Based on our findings and local population vital statistics, it is estimated that SCD occurred in 39.7 deaths/100,000 of the adult population (≥35 yrs) of Tirunelveli. The frequency of SCD in males was 4–5 times greater than in females. This incidence of SCD in the population >35 years is lower than has been reported in the US (60 deaths/100,000 population), although our subjects were younger [27].

Our study was based on autopsies performed on patients who were referred by the ED physician with family consent or by law for determination of cause of death for the purposes of death certificate; the latter group were those found in the field. Not all deaths at home or in the field resulted in autopsy which therefore significantly underestimates the incidence of SCD. However we were unable to estimate the autopsy rate for such reported deaths for which subjects did not undergo autopsy, therefore our reported incidence could be an underestimation of the real problem.

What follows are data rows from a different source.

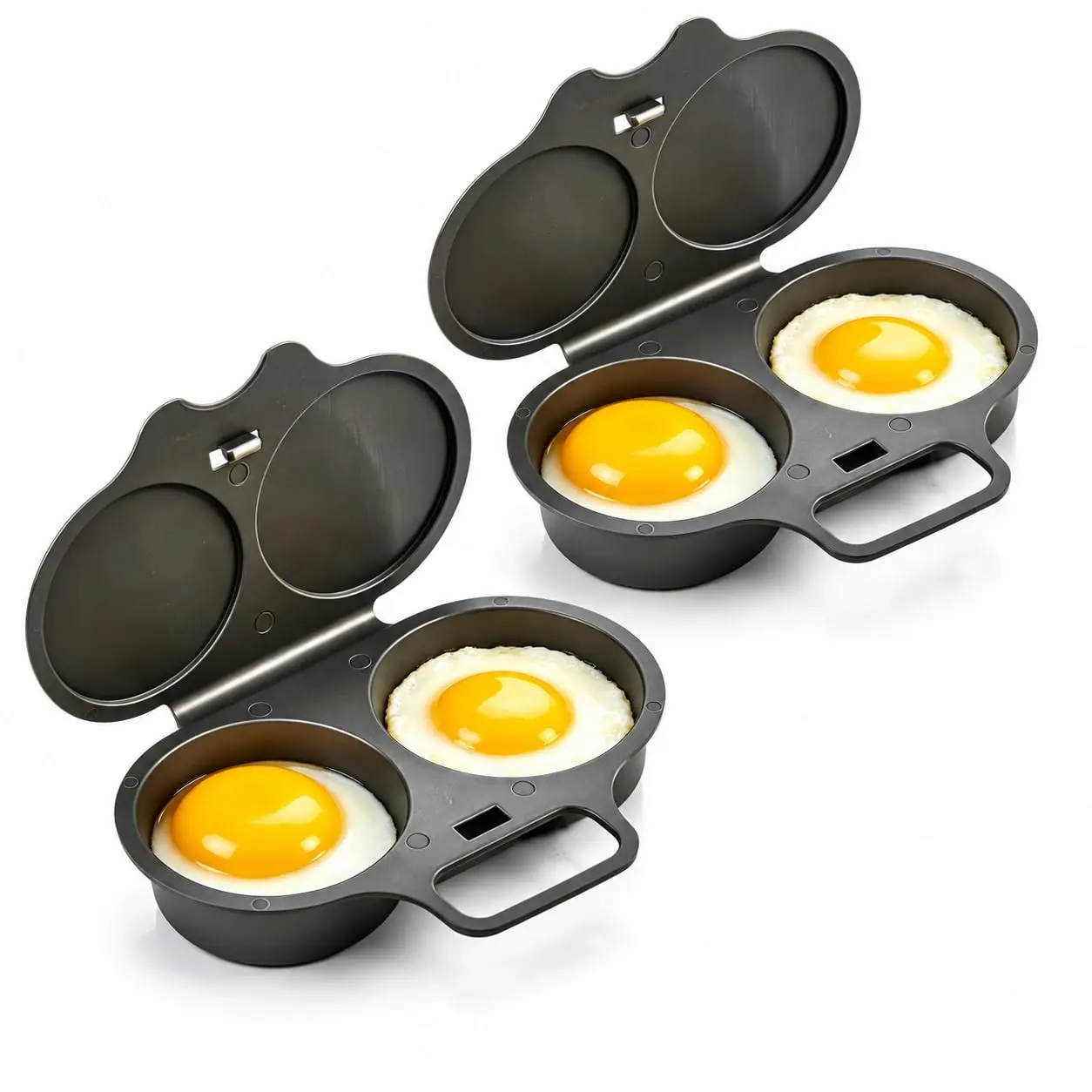 2 Pcs Microwave Steamer Set, Food Grade Steaming Tray and Frying Pan for Microwave Cooking, BPA Free Vegetable Steamer Basket with Lid for Eggs Dumplings and Veggies, Kitchen Egg Steamer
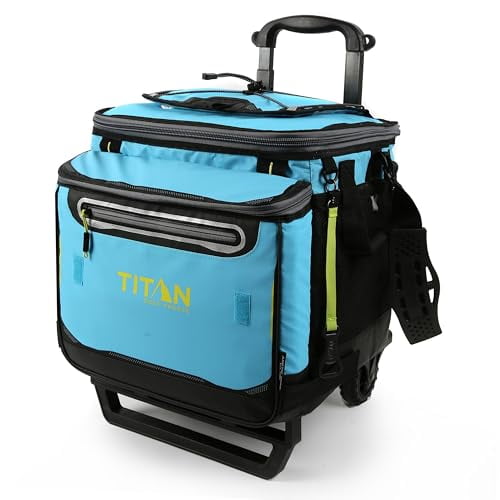 Arctic Zone Titan Deep Freeze Wheeled Cooler - 60 Can Rolling Cooler - Blue Lagoon - Cooler with Deep Freeze Insulation and Detachable All-Terrain Cart with Wheels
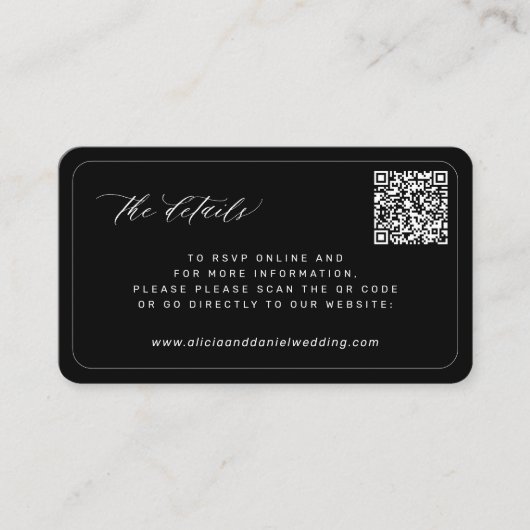 Carte D'accompagnement QR CODE moderne noir mariage détails du site web (Devant)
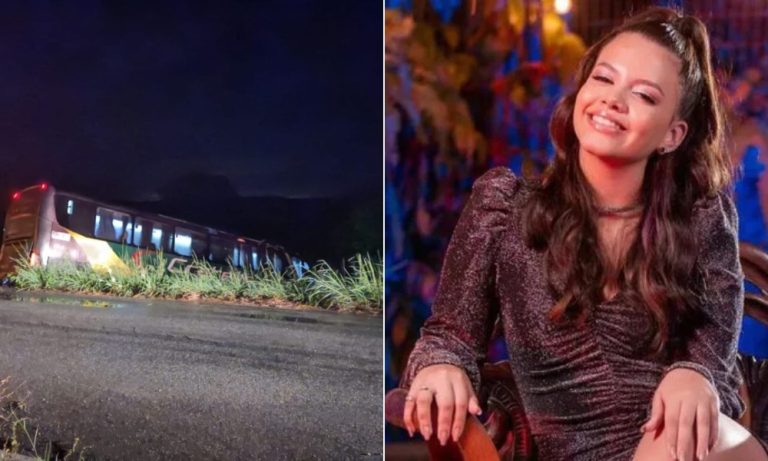 Cantora Brisa Star e mais 14 ficam feridos após ônibus cair em ribanceira no CE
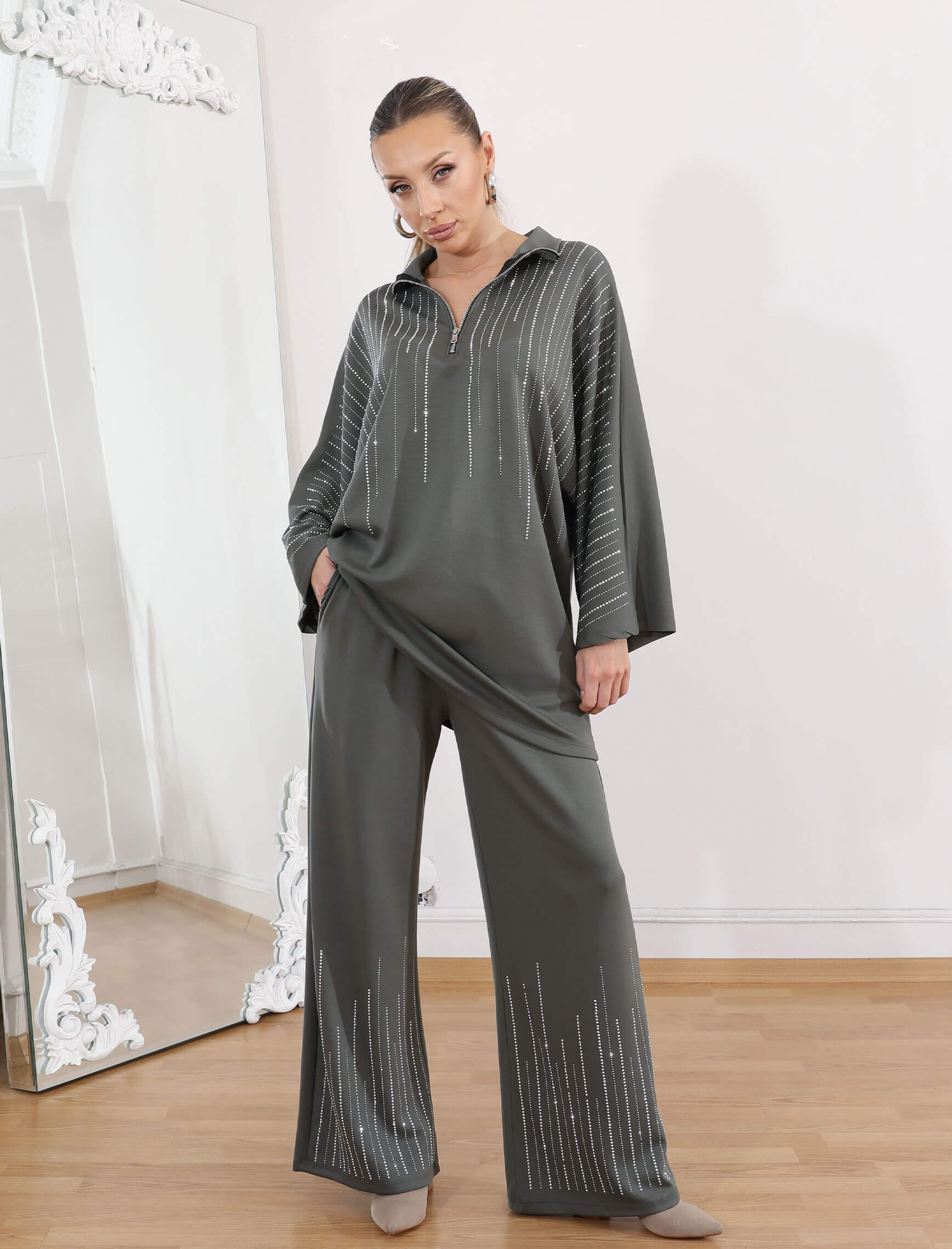 Haki Taşlı Glamore Takım - Görsel 2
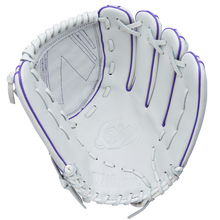 The Wilson A500 Siren 12.5" Fastpitch Glove (WBW103561125) is a white youth glove made of top grain leather, featuring purple stitching, detailed lacing, visible Wilson branding, and a Quick-Fit Wrist on a plain white background.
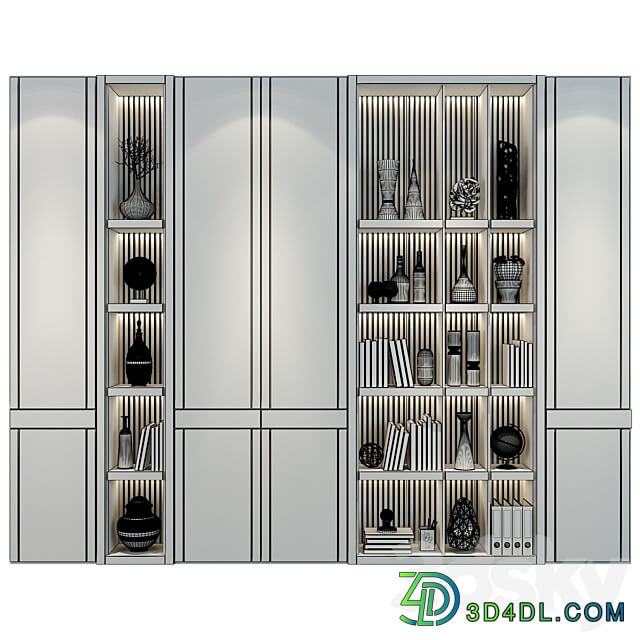 Modern luxury wooden bookshelf GHS 2358 Wardrobe Display cabinets 3D Models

The toll of SCD is grim even in developed societies with well established preventive, therapeutic and advanced emergency medical services [28]. On the contrary, these advantages are limited in developing countries in South Asia, contributing to poor survival in patients with out of hospital cardiac arrest [5]. Our results indicate a crucial need for enhanced primary and secondary prevention programs with an essential focus on screening for risk factors, particularly smoking cessation and other improvements in life style including low carbohydrate diet. The local diet frequently comprises high carbohydrates, refined sugar and high fat content, contributing to the high prevalence of metabolic syndrome and diabetes in India [29], [30].

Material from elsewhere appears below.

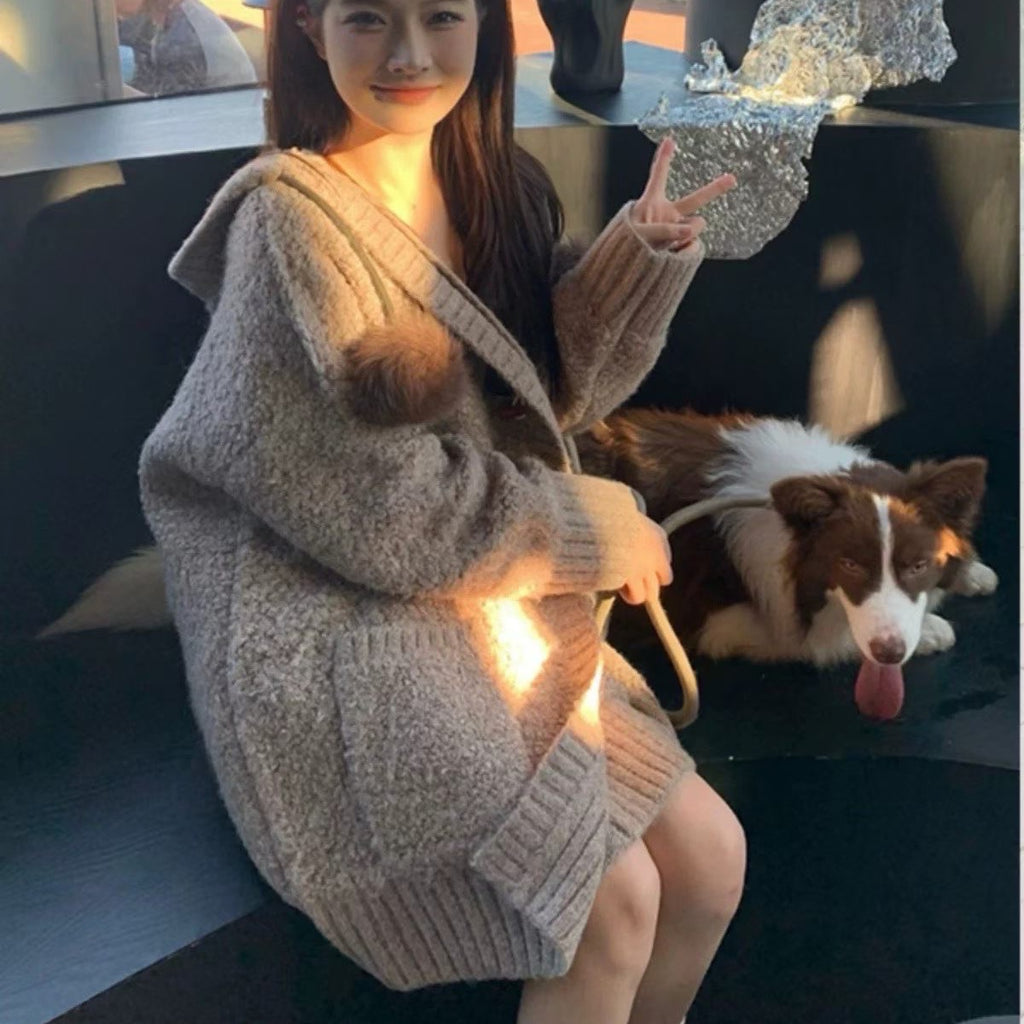 💕慵懶風灰色牛角扣連帽針織寬鬆顯瘦外套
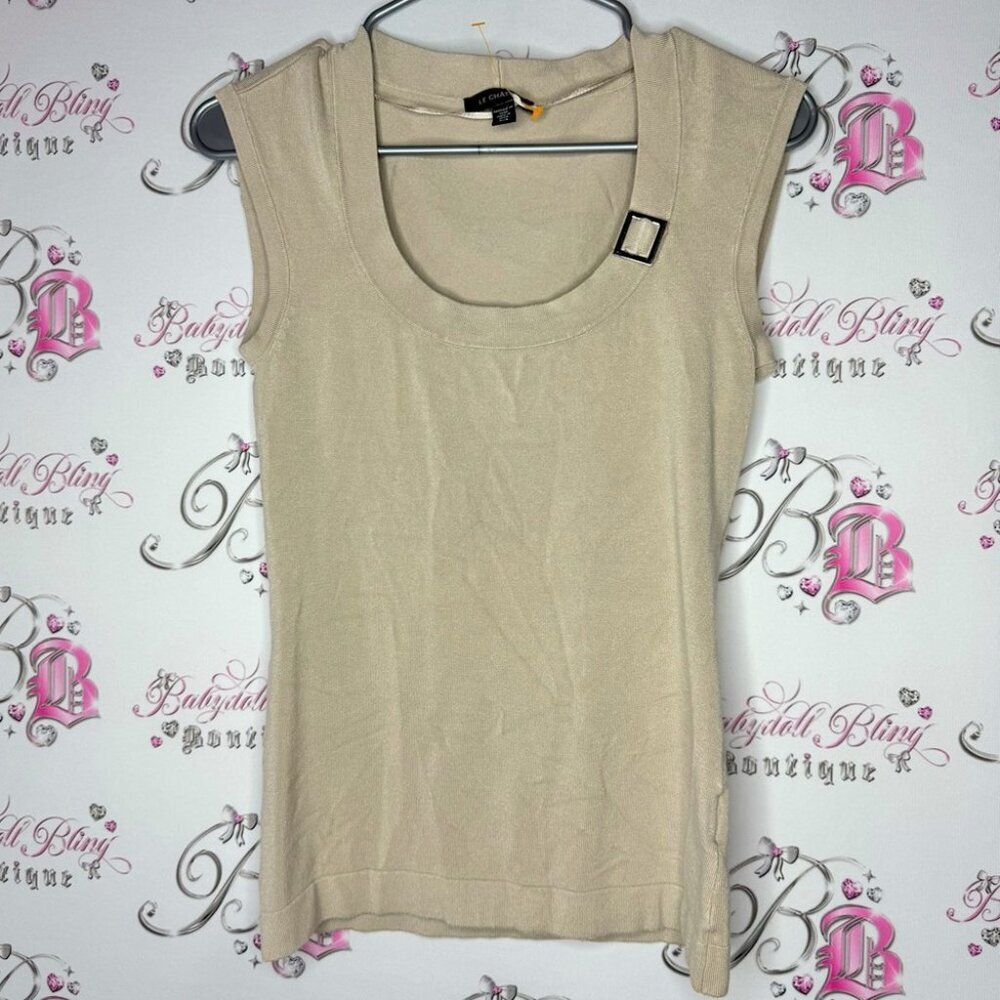 Le château tank top buckle strap silver detail scoop neck casual basics tan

Study Limitations: This is a retrospective analysis that entails the limitations inherent in this method. However, this is the first investigation of SCD in a metropolitan population of South Asia. In addition, the autopsy data do not include the number of diseased coronary arteries, but detailed segmental coronary and myocardial pathology were important elements of our analysis. Although this is the largest study of SCD from South Asia, the total cohort is modest in number and we may have underestimated the actual frequency of SCD because of social mores which preclude autopsy.

5. Conclusions

Our findings highlight an increased risk of SCD in acute MI among relatively young men in their productive years in South India compared to developed societies. These results emphasize a need for enhanced preventive, interventional and acute cardiovascular care.

Disclosures

None.

Footnotes

Peer review under responsibility of Indian Heart Rhythm Society.